Le critique de cinéma, historien, enseignant et scénariste mexicain Tomas Perez Turrent est mort à Mexico, mardi 12 décembre. Il avait 69 ans. Il se considérait comme un disciple d'Henri Langlois depuis qu'il avait travaillé auprès du fondateur de la Cinémathèque française, durant les années 1960, à Paris, où il avait épousé l'Anglaise Gillian Turner.
Tomas Perez Turrent est né à San Andres Tuxtla (Etat de Veracruz) le 15 décembre 1937. Sa première vocation est la tauromachie, qu'il abandonne pour entrer en faculté de philosophie et lettres, autant de choix qui suscitent l'incompréhension de ses parents.
En fait, il consacrera sa vie au cinéma. D'abord comme critique, métier qu'il exercera dans la presse quotidienne mexicaine (trente-trois ans à El Universal) et dans les revues spécialisées, au Mexique et à l'étranger. Collaborateur, puis correspondant de Positif, il écrit aussi pour l'International Film Guide. Lié à la fois à la filmothèque de l'Université nationale autonome de Mexico et au centre de recherches et d'enseignement cinématographiques de l'université de Guadalajara, il enseigne dans les écoles professionnelles du Mexique.
DÉFI À LA CENSURE
Auteur d'une monographie sur Buster Keaton (1991), Perez Turrent était le coauteur d'un ouvrage maintes fois réédité et traduit : Conversations avec Luis Buñuel : il est dangereux de se pencher au-dedans (en français aux éditions des Cahiers du cinéma, 1993).

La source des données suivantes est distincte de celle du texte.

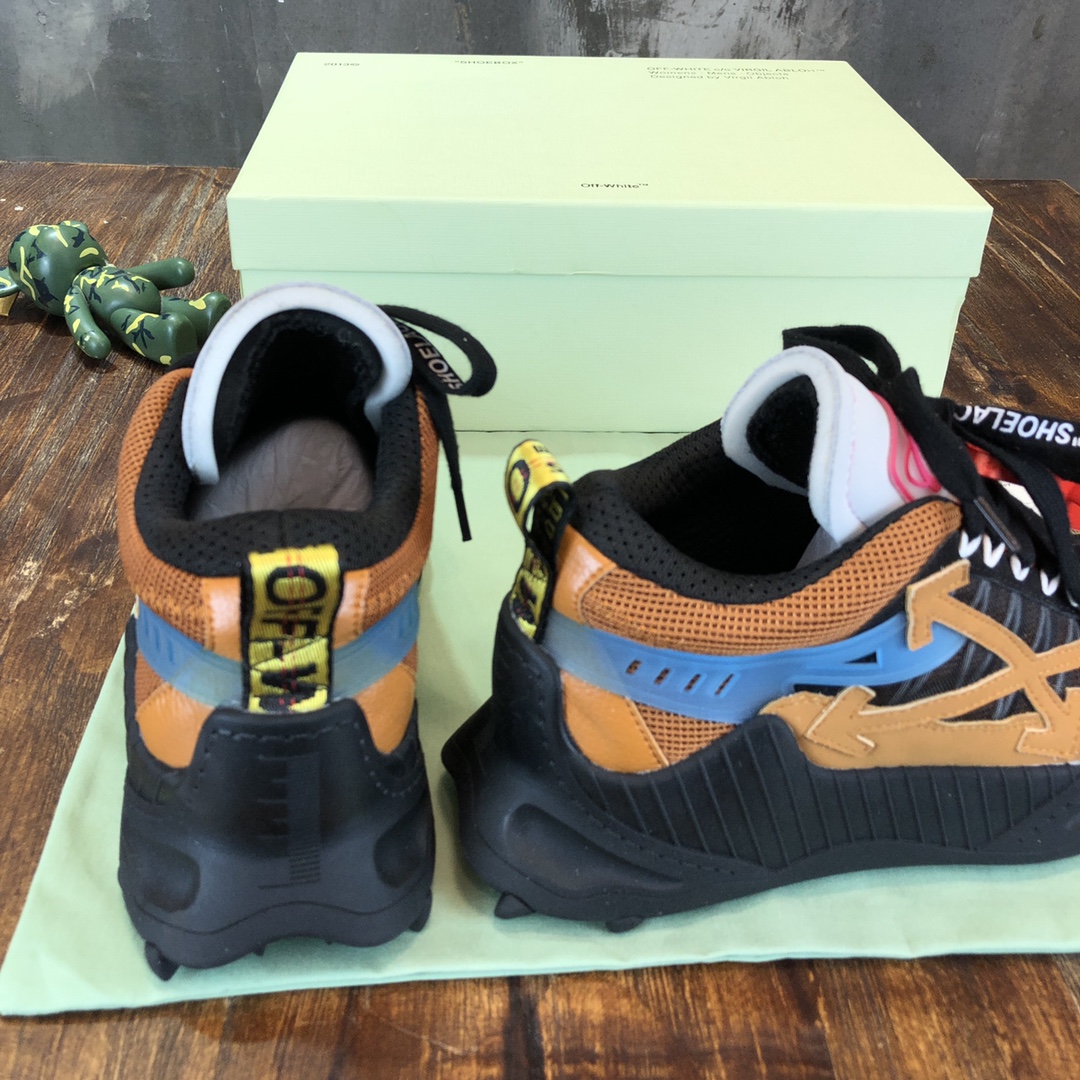 Off-White Odsy-1000 Khaki Brown - vstockx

Son goût de l'histoire l'amena à effectuer des recherches sur le prestigieux studio Churubusco, à Mexico, véritable usine à rêves (La Fabrica de sueños, 1985). Il est un des principaux auteurs de Le Cinéma mexicain (éditions du Centre Georges-Pompidou, 1992), devenu un ouvrage de référence aux Etats-Unis dans sa version anglaise. Ami des jeunes cinéastes des années 1960, notamment ceux qui avaient étudié à l'Institut des hautes études cinématographiques (Idhec), à Paris, comme Felipe Cazals, Paul Leduc et Rafael Castañedo, il participe aux activités du groupe "Cine independiente" (1969), formé par Cazals, Castañedo et Arturo Ripstein.
Il devient un des scénaristes de cette génération et défie la censure tatillonne de l'après-1968 avec Canoa et Las Poquianchis, réalisés tous les deux par Cazals en 1976. Il signe le scénario de deux films du Chilien Miguel Littin, Alsino et le condor (1982) et Sandino (1990), qui témoignent de leur enthousiasme pour la révolution sandiniste au Nicaragua.
A Mexico, il y a quelques mois, Tomas Perez Turrent ne dissimulait pas sa fierté devant la première édition en DVD de Canoa. Figure respectée de la critique internationale, il était un habitué du Festival de Cannes. Dès qu'il s'attablait avec ses "cuates" (amis), il retrouvait son ironie et sa verve. C'est un passeur qui disparaît.